# Home buying question...



## JasonOne (Jun 10, 2009)

In buying a new home, how are estimated closing cost determined? How are estimated prepaid items/reserves determined?

Thanks in advance...


----------



## takingprofits (Apr 13, 2009)

Some costs are fixed and others are based on the purchase price of the home. All costs will vary depending on your city. You need to contact a REALTOR or Lawyer in your area to get an accurate estimate of the closing costs in your location.


----------



## Taxsaver (Jun 7, 2009)

takingprofits said:


> Some costs are fixed and others are based on the purchase price of the home. All costs will vary depending on your city. You need to contact a REALTOR or Lawyer in your area to get an accurate estimate of the closing costs in your location.

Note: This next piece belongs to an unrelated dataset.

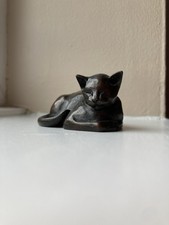 "Curled Cat" - Genuine Bronze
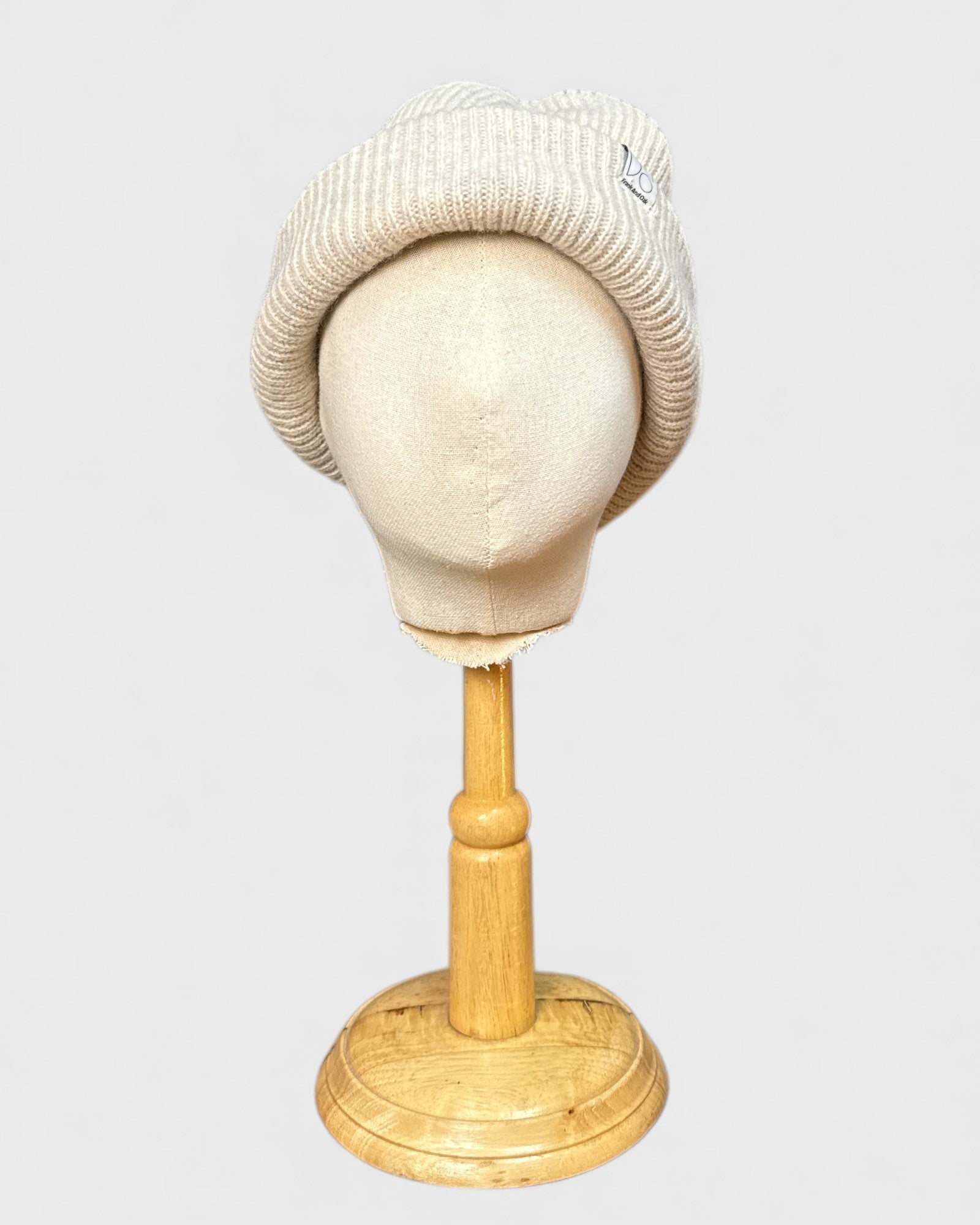 Tuque 100% laine Blanc crème Frank and Oak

I think Jasonone would like to have a complete list of them with a brief explanation for each.


----------



## Agape (Apr 3, 2009)

http://www.cmhc-schl.gc.ca/en/co/buho/hostst/hostst_003.cfm

check out cmhc's page on upfront costs and explainations.


----------



## Taxsaver (Jun 7, 2009)

Agape said:


> http://www.cmhc-schl.gc.ca/en/co/buho/hostst/hostst_003.cfm
> 
> check out cmhc's page on upfront costs and explainations.


I'm sure Jasonone will be happy. I am.


----------



## takingprofits (Apr 13, 2009)

Jason is happy because he got his signature links online - which is the reason he is here. 

Considering he is in Atlanta, the CMHC link would not be of any value to him if he happened not to be here just for the links. Closings in the USA are done differently than they are here.


----------